バンコク発ビジネス・生活情報誌『DACO』編集部が、バンコクの屋台ビジネスをレポートした大人気企画。タイでビジネスを始めたいと考えている日本人にとっても、貴重なヒントが隠れているかも。
バンコクに屋台は何台あるんだろう。2万台ぐらい?
タイ人に聞くと「さぁ……」。すぐに思った、愚問だ。
インフォーマル経済という言葉がある。社会保障や課税の対象にならず、政府にも登録されていない職業を表わす概念を指すそうだ。タイなら、バイクタクシー、三輪タクシー、廃品回収人、日雇い労働者、売買春従事者、家事労働者、そして露天商や行商人……。経済学的に見ると、これらの職業は発展途上地域に見られる過渡的現象で、発展に伴い、縮小・消滅の一途をたどるとされていた。
ところが、東南アジアの中でも経済成長および工業化が著しいタイにおいては、インフォーマル経済の職業の一部はむしろ拡大を見せているという。その一部とは屋台ビジネス。
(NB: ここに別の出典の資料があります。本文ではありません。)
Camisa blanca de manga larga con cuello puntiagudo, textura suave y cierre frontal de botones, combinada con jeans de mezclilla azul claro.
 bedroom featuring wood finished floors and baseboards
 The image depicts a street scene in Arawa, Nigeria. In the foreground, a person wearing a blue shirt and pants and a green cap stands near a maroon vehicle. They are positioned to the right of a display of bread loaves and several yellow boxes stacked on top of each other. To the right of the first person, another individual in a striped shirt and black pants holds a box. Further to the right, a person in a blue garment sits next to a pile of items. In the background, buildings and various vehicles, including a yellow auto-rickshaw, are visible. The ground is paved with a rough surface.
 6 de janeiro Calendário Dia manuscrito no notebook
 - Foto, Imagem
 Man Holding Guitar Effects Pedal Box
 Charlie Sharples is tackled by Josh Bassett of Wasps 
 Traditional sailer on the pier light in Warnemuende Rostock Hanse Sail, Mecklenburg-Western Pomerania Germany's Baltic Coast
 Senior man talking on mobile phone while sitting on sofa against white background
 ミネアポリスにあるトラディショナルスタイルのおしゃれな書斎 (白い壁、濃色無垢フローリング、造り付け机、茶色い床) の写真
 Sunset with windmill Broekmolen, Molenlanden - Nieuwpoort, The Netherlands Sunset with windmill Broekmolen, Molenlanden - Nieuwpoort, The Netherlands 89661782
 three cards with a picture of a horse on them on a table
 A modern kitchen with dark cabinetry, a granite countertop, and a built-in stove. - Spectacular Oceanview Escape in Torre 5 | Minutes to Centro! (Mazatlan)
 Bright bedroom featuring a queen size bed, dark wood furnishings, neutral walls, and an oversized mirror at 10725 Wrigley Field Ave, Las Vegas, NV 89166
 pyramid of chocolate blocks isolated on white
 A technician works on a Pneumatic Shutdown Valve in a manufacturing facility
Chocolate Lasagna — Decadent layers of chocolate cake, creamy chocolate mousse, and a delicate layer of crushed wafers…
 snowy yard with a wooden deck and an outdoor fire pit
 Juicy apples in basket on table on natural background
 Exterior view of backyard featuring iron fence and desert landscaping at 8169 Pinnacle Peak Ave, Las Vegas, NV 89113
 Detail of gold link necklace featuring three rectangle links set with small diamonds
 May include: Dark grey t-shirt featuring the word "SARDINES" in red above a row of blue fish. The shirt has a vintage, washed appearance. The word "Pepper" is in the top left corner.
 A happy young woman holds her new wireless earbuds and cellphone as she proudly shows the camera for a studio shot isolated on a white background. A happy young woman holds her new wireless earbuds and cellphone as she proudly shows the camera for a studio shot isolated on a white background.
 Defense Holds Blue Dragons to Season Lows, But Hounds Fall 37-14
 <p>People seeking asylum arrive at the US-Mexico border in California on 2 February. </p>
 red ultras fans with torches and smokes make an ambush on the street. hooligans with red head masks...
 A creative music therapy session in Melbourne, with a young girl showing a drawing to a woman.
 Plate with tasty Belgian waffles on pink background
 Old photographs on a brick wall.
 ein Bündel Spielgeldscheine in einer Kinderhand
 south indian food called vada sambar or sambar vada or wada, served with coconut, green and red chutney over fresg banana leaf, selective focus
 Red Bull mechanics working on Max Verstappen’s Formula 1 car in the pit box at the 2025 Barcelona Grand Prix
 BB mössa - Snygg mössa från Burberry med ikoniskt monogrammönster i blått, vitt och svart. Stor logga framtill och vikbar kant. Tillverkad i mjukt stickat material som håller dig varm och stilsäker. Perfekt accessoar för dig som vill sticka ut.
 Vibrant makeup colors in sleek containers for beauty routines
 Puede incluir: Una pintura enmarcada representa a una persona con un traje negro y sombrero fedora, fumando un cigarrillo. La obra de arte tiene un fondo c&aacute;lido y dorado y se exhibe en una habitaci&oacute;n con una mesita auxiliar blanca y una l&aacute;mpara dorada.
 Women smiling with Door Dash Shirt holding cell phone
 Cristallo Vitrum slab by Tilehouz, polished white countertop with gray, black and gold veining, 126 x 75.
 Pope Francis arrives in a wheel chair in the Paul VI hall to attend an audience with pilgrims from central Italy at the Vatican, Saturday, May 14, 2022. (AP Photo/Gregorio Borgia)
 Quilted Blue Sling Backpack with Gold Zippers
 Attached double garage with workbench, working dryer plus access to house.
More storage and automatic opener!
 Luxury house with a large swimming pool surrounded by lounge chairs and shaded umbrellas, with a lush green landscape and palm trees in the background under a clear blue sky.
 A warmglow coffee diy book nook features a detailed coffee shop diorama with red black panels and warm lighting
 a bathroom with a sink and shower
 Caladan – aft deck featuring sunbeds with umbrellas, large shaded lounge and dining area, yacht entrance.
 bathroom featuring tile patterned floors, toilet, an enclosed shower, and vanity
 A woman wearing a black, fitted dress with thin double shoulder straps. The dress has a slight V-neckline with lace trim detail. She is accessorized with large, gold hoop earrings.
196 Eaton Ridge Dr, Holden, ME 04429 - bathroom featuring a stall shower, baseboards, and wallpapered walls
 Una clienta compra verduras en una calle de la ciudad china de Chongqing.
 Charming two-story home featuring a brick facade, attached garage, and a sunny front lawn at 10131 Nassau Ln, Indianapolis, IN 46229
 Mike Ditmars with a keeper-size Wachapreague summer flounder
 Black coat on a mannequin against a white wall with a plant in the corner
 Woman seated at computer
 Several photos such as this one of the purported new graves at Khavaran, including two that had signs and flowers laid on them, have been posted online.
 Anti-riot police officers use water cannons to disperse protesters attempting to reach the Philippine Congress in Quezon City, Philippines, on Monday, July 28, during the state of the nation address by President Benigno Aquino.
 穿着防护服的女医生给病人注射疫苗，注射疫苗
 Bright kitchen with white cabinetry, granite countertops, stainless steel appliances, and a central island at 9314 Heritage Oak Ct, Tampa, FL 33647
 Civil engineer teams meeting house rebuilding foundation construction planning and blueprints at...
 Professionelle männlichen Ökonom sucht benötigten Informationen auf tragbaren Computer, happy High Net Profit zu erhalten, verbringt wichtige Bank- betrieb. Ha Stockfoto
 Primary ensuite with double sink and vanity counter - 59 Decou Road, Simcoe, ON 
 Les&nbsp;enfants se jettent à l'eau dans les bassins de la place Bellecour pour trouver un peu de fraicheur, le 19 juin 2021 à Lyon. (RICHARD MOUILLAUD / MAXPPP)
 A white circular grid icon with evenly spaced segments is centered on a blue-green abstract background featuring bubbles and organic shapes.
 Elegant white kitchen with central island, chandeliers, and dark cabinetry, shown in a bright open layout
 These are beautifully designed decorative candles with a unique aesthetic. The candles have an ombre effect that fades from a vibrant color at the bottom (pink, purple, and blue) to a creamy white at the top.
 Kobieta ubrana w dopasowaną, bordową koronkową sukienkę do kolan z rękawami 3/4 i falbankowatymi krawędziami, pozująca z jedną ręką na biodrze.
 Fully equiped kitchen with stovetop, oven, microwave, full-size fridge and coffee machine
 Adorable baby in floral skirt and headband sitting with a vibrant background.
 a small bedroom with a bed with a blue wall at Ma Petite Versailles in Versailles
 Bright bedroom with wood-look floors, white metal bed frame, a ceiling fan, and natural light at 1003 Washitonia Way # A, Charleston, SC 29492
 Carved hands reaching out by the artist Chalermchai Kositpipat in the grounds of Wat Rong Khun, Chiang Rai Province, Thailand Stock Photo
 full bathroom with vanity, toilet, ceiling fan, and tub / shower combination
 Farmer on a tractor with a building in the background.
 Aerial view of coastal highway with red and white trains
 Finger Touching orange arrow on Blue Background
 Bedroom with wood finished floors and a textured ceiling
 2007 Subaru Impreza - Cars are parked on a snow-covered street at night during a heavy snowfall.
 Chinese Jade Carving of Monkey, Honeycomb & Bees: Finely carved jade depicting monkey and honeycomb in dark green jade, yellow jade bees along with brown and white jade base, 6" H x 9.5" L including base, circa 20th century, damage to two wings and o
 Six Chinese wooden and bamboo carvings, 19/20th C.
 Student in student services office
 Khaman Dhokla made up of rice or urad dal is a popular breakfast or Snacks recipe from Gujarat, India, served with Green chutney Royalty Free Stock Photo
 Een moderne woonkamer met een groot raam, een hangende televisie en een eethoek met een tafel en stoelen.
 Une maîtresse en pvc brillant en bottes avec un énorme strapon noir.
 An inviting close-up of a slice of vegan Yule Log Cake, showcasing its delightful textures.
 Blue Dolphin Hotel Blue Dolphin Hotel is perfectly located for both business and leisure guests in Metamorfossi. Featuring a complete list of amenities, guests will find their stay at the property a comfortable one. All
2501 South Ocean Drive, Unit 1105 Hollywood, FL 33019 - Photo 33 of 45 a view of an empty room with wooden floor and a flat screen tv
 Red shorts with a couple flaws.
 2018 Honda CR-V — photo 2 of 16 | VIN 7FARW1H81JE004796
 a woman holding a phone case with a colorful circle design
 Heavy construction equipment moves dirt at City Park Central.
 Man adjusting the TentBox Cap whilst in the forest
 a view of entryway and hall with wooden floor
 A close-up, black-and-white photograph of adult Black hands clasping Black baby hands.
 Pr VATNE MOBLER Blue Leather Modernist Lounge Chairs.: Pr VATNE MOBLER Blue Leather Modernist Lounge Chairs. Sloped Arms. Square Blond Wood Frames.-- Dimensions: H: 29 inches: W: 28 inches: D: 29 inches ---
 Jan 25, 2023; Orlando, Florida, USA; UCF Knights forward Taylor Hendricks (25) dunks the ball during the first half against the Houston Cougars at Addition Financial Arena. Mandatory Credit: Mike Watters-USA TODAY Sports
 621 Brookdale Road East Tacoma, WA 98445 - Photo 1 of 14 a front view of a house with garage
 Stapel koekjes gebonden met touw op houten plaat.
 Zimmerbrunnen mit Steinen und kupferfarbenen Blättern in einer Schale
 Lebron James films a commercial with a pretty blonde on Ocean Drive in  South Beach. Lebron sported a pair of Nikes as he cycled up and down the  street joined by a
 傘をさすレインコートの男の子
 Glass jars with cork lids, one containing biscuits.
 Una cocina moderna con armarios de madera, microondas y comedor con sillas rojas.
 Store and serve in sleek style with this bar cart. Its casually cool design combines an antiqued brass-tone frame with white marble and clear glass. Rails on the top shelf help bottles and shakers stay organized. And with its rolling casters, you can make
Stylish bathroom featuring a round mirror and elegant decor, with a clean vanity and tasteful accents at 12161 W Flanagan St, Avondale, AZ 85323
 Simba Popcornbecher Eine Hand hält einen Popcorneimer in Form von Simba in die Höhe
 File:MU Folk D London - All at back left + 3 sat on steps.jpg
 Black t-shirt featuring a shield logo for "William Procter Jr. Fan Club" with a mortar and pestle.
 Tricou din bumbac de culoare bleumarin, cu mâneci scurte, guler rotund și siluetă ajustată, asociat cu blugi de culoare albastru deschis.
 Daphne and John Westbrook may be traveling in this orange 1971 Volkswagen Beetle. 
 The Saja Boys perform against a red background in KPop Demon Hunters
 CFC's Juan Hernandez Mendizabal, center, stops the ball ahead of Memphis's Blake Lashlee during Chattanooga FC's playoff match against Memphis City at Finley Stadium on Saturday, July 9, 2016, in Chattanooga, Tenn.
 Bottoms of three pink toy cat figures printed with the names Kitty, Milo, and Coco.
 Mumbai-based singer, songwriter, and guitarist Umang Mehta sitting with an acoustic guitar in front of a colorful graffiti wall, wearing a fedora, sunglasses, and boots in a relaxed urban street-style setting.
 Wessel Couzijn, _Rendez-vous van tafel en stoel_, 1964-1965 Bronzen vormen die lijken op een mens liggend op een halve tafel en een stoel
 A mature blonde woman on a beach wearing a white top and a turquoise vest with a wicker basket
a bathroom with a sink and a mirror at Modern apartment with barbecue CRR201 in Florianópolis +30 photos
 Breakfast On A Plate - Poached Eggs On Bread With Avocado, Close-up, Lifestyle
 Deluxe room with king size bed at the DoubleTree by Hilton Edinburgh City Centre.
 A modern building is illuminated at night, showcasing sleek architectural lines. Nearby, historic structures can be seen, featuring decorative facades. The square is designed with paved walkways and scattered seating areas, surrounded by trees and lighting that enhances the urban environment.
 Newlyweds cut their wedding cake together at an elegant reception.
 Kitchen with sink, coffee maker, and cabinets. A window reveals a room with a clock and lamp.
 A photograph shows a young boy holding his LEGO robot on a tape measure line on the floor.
どういうことだ?
2010年8月、フランチャイズ屋台「ルークチン・プラー・ラブート」の店主となり、ルークチン・プラー・トート(揚げた魚のつみれ団子)屋になった31 歳の男がいる。職歴は、ウェイター⇒バイクタクシー運転手⇒メッセンジャー、そしてフリーペーパーの編集者。10年間『DACO』で働いたタイ人Rangsan Yoopochana、愛称オーだ。
バンコク都の東部郊外、スワンルアン地区オンヌット出身の彼は、生まれ育ったオンヌット・ソイ36 の1本奥、ソイ38 の入口にあるセブンイレブンの前に屋台を構え、つみれ団子を揚げている。
これから4回にわたってレポートする「バンコク屋台ビジネス」。今回は、開店2カ月後に聞いた彼の話から、屋台ビジネスの魅力を探ってみた。バンコクの屋台はたしかに時代を、人を映していた。日本人にとっても、タイ人パートナーとのビジネスのヒントになるかもしれない。

フランチャイズ屋台は、おいしいビジネス? ―屋台オーナー・オー氏、かく語りき―
開業にいたるまでの経緯と、バンコクで人気のフランチャイズ屋台「ルークチン・プラー・ラブート」に狙い定めた理由、そして展望。ひとりのタイ人は、こういう視点で屋台ビジネスをみていた……。
転身の決心は、時間・金・挑戦
4、5カ月間、ずっと考えていたんだ。「このまま編集の仕事をしていていいのか」。一番は家族との時間がないことがいやだった。子どもの面倒が見たかったんだ。
そしてお金。取材・編集の魅力は未知の体験をし、それを人に伝えること。だけど、社員の数は決まっているし、本の売り上げもある程度読めるし、月給が驚くほど上がることもない。これから子どもにもお金がかかるからね。
自分をちょっと試してみたい気持もあった。チャンスを生かせば、オイシグループ(OISHI、タイで日本食レストラン経営や日本食を販売)みたいな大企業の社長になれるかもしれない。ちゃんと考えてやっていけば、好機はやってくると思うんだ。
フランチャイズなら簡単に始められる
フランチャイズ屋台はダチがやっていて、話を聞いたら、家族との時間が持てそうだし、やり方次第で『DACO』より儲かりそうだった(笑)。
親会社に面接に行くだけで、よっぽど問題がない限り、元手の支度金を払えば、だれでも始められるんだ。試験で落とされることもない、簡単だよ(次回、詳しく紹介するが、原則として日本人は不可。タイ人パートナーが必要だ=編集部註)。